Circe is my working dog but also "pet" at home.
Otto started off working and we plan getting back into working this fall. For now he is a great "pet". I hate saying pet bc by all means he doesn't just lay around the house. Both dogs are with us 24/7 and hold important rolls in our home "pack" aka "family".


----------



## wolfstraum (May 2, 2003)

I also hate the phrase "just a pet" - like it is a low quality animal! so many buyers use it and I ask "why do you want a poorly bred dog for a companion??? (ie - $300 sunday paper ad puppy!)"

My dogs are all companions - that I work/ed and title/d them and they were bred is beside the point - they are not inventory - they are family!

Lee


----------



## Daisy&Lucky's Mom (Apr 24, 2011)

Daisy and Lucky are just pets ,not very well trained but my kids and my best friends.


----------



## lhczth (Apr 5, 2000)

Alexis is my only dog that is just a pet. The rest have either worked in some capacity or are in training. Nike and Vala were also breeding dogs. All of them, though, are pets too.


----------



## Andaka (Jun 29, 2003)

Jag and Belle are show dogs, Jag is a working dog, Natty is a retired show dog and breeding dog, and they are all pets n my house. And I like it that way.


----------



## RocketDog (Sep 25, 2011)

"Pet" here, although he is already my hiking companion, my extra "alarm" system, and hopefully will be my visual deterrent when I run (when he's old enough). 

And yes, he has my heart 100% already.


----------



## robinhuerta (Apr 21, 2007)

All dogs that we share our lives with are *companion dogs*.....whether they have *jobs* or not.
This is how I see our dogs.....show, breeding, working or anything in between.
They are not inanimate objects....they are loving, feeling *companions*.
JMO


----------



## Discoetheque (Nov 2, 2011)

Reba is mostly a companion, retired for the greater part from work and show but still doing both occasionally.
Discoe is a show and working dog who also happens to be a companion and my furriest bestie


----------



## cassadee7 (Nov 26, 2009)

Well, if you do dog sports for fun are they still "just a pet" or are they "working"? I would vote "sport dog" for saber if it was there.
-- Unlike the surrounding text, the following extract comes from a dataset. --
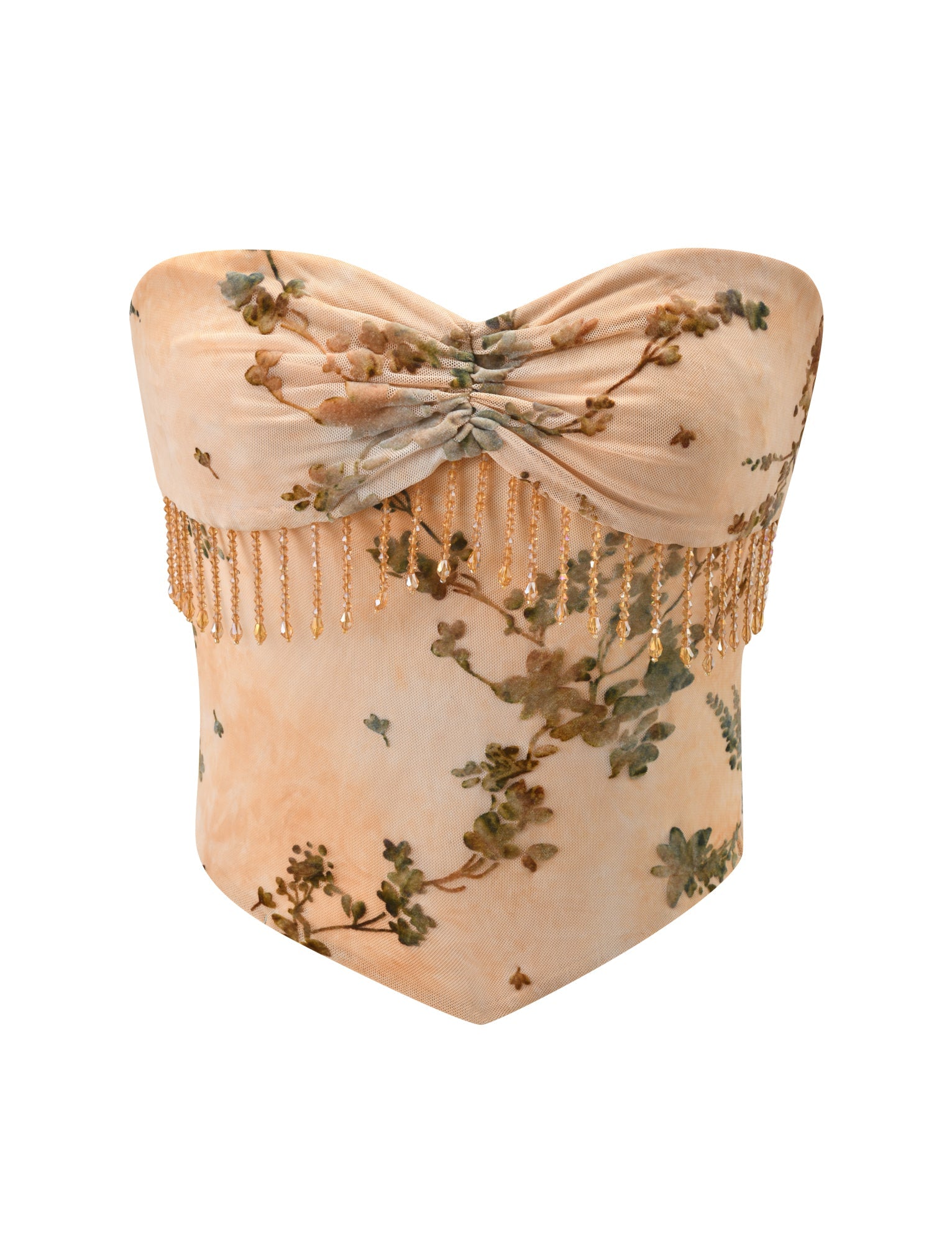 OONA BURN OUT FRINGE TOP - TAN - Image 7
I think working implies SAR, police, etc. Sport dog = active in at least one dog sport regularly, IMO.


----------



## koda00 (Apr 27, 2009)

My two: Ryker: Is/did show and he now is working doing obed. training.
Zorro: Is doing Obed. training.

They both are also my 24/7 companion kids:wub:


----------



## elisabeth_00117 (May 17, 2009)

Can't they be all of the above?

Stark is a companion, a working dog and may do some show stuff this year for fun/experience.

Zefra is a working dog, will be shown this year as well (breed survey and some other things), she may be a breeding dog later in her life (she is only 7 months old at this point) and she is most definitely my companion and baby girl.

Why do they have to be in a category?


----------



## Cassidy's Mom (Mar 30, 2003)

We've had a couple similar polls recently:

http://www.germanshepherds.com/forum/take-poll/167599-does-your-dog-work-he-she-strictly-pet.html

http://www.germanshepherds.com/forum/take-poll/168305-you-active-dog-sports.html


----------



## Rott-n-GSDs (Jul 7, 2010)

Mine are pets that work for fun. We're training in several different sports, but haven't competed. Maybe someday!


----------



## PaddyD (Jul 22, 2010)

Cassidy's Mom said:


> We've had a couple similar polls recently:
> 
> http://www.germanshepherds.com/forum/take-poll/167599-does-your-dog-work-he-she-strictly-pet.html
> 
> http://www.germanshepherds.com/forum/take-poll/168305-you-active-dog-sports.html


Yup, this look like deja poll all over again.
Abby is a working pet. Her job is to accompany me everywhere: Every room, every car, every walk, every run, every day and every night.
She is also employed to play whatever games she or I come up with and to chase any squirrels that might attack us in the woods.


----------



## Kittilicious (Sep 25, 2011)

Cassidy's Mom said:


> We've had a couple similar polls recently:
> 
> http://www.germanshepherds.com/forum/take-poll/167599-does-your-dog-work-he-she-strictly-pet.html
> 
> http://www.germanshepherds.com/forum/take-poll/168305-you-active-dog-sports.html


Yeah, I saw those, but breeding & showing were not included so I thought this would be different. Sorry if it's still considered a duplicate thread


----------



## Germanshepherdlova (Apr 16, 2011)

Why is that poll options (not just yours) that want to know if your pet has a job put "just" in front of a pet. As if being a companion is not anything of significance. To me there is nothing "just" about my dog being a pet/companion. My dogs are part of my family, I love them like my own children. They are my best friends, they are of the most loyal, dependable, and consistent of friends that can ever exist. That is why I never vote on a poll that says are they "just" a pet.


----------



## doggiedad (Dec 2, 2007)

i have a show dog that's been in 2 shows (as a pup). 
our dog is our well trained and highly socialized pet.


----------



## Jessiewessie99 (Mar 6, 2009)

I put Pet/Companion.


----------



## Hercules (Aug 1, 2010)

Zeus and Juno are both my service dogs. When they are not working, they aren't just a pet to me, they're family.


----------